Eighty-year-old Mullá ‘Abdu'l Husayn and his son, with more than 100 others, traveled for 40 miles to Ronize from Nayriz to meet Vahid without any fear of reprisal from the angry governor. Shortly after meeting Vahid, he became one of the leaders of the Bábí movement in Nayriz, commanding unprecedented respect from Vahid. When Vahid received the news that Mullá ‘Abdu'l Husayn had been shot in the leg by one of the governor's soldiers, Vahid visited him. Later in a letter, he referred to Husayn as “the First Martyr of Nayriz” even though he survived that assault. Mullá ‘Abdu'l Husayn was martyred during a subsequent episode.

To protect his followers from further assault, Vahid then moved the followers to the Khajih Fortress. Mullá ‘Abdu'l Husayn and his family were among those who accompanied Vahid inside the fortress.

The famous author A. L. M. Nicolas, described some of the events of that period. He wrote that Mullá ‘Abdu'l Husayn was an expert in Islamic Law and the judge of the town. Nicolas also mentioned that Mulla Muhammad Taqi, Husayn's son, had returned from Herat, where he went to meet Siyyid Ja'far, and had joined the believers in battle. Mullá Muhammad Taqi was killed at the Khajih Fort. Vahid had tried to comfort Husayn, who answered that his only wish had been to sacrifice himself and his children in the path of the Loved One. He also said that the death of his son and the rest of the family was truly a gift to the Promised One and the highest station that one could ever attain.

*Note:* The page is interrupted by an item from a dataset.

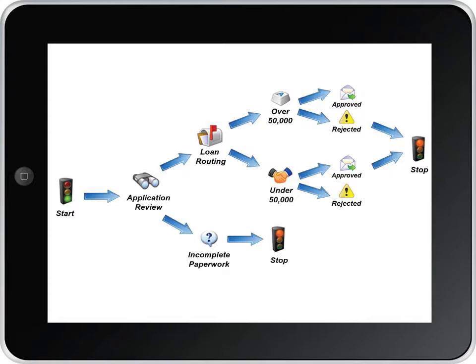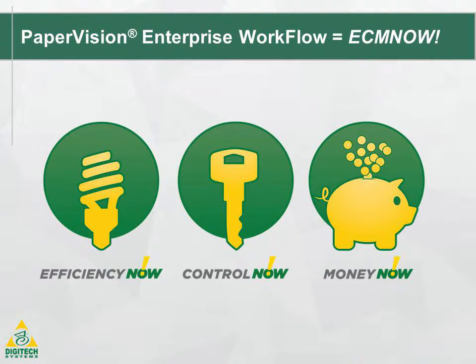Bring powerful process management to your organization and see what it can do for you. Eliminate time-wasting bottlenecks, decrease your exposure to security threats, and increase your bottom line. You'll discover that your business is more efficient, you have improved control of all types of information, and you will get money faster while controlling costs with Pay-Per-Vision Enterprise workflow.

After the Khajih Fort incident, Mullá ‘Abdu'l Husayn escaped, along with his four sons, three brothers and their families. The governor confiscated their homes and belongings. All of his sons and brothers were killed in the Second Nayriz upheaval while Husayn, with the rest of his family; mostly the women and children were captured and taken to Shiraz in chains.

In a gathering of Shiraz officials, Mullá ‘Abdu'l Husayn was questioned: ‘Why did you, at such an old age - with a white beard, choose to follow the Báb?” Mullá ‘Abdu'l Husayn answered, “ Because I wished to be a sincere one”. Not liking his answer, they filled his mouth with dirt and sand to humiliate him. The governor called him mischievous and asked Husayn if he would like to be a king. The elderly Mullá ‘Abdu'l Husayn replied that he did not have the energy to talk with them anymore due to his old age. “ Your soldiers beheaded my sons in front of me and took their wives as slaves …leave me alone.”

According to Nicolas, Husayn was wounded at that meeting when one of the soldiers took a shot at him.

Mullá ‘Abdu'l Husayn's grandson, Mullá Muhammad Shafi, the son of Mullá Ali Naqi, although only twelve during the first incident at the fort, kept a precise diary covering the lives of many individuals, including Mullá ‘Abdu'l Husayn. Shafi's diary has been referenced by Nabil in The Dawn Breakers.

After the interrogation in Shiraz, Mullá ‘Abdu'l Husayn was martyred as he and a score of other Bábís were being taken on foot from Shiraz to Tihrán by the order of the Sháh. In the village of Seadat-u-Abad, close to the city of Abadeh, he became very ill and could not continue the journey. Consequently, the soldiers decapitated him, buried his body, and then carried his head aloft a spear as they did with those of the other beheaded martyrs. Eventually they buried the decomposing heads, in a known location, after reaching Abadeh.